The story of Parihaka is centred in Taranaki, but the struggles and trials of its people covered much of the length of the country. In this blog post we will focus on the places in Wellington entwined with the history of the people of Parihaka, and take a look at the ways Wellingtonians can recognise and remember Parihaka this year.
During the 1860s, the prophets Te Whiti and Tohu rose to national prominence among Māori. They were recognised as “the two birds of knowledge” by King Tawhiao.  Their community at Parihaka became a haven for Māori, and a place of peaceful resistance to unlawful land confiscation and encroaching settlement. One of those that found their home at Parihaka was Titokowaru, the great military leader of the Māori forces in the Taranaki War of 1868 – 1869. Titokowaru laid down his gun, and took up the plough and the raukura (albatross feather, symbol of peace).
Te Whiti, Tohu, and also Titokowaru led a peaceful campaign of resistance that consisted of ploughing up confiscated land, removing surveying pegs and placing fencing. In response, the government arrested the successive waves of protestors. On 5 November 1881, Parihaka was invaded by a military force of 1600 armed constabulary. Those Māori who were not originally from the Parihaka area were scattered, the buildings were damaged, violence was inflicted against the people and their leaders were arrested. Te Whiti and Tohu were held without trial for two years, before returning home in 1883.

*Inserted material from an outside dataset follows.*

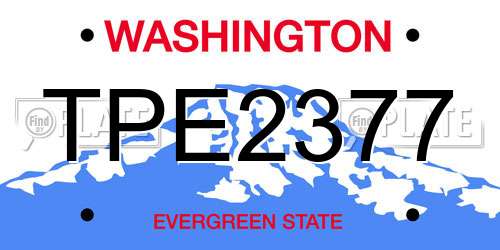 TPE2377 Washington License Plate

The community Te Whiti and Tohu nurtured still thrives today. It is a place for reconciliation. It is a place to contemplate where we have been and where we are going. Recently, in 2016, the Mayor of New Plymouth, Andrew Judd, led a hikoi walk of peace from New Plymouth to Parihaka.
Prisoners in Mt. Cook
In 1879, 195 arrested ploughmen were held in the Mt. Cook Police Barracks. The peaceful protesters were never tried. Instead, they were shipped to the South Island, to take them further away from the influence of Te Whiti. Government legislation enabled indefinite detainment without trial or punishment. But, ploughmen were put to work on infrastructure in the South Island.
The Prophet in Wellington
In the mid-1880s, there was discontent among coastal Māori, around policy on land the government leased from them. They were especially concerned with the large surveying costs that were deducted from the rent due to them. Māori also desired the return of the lands unlawfully confiscated from them.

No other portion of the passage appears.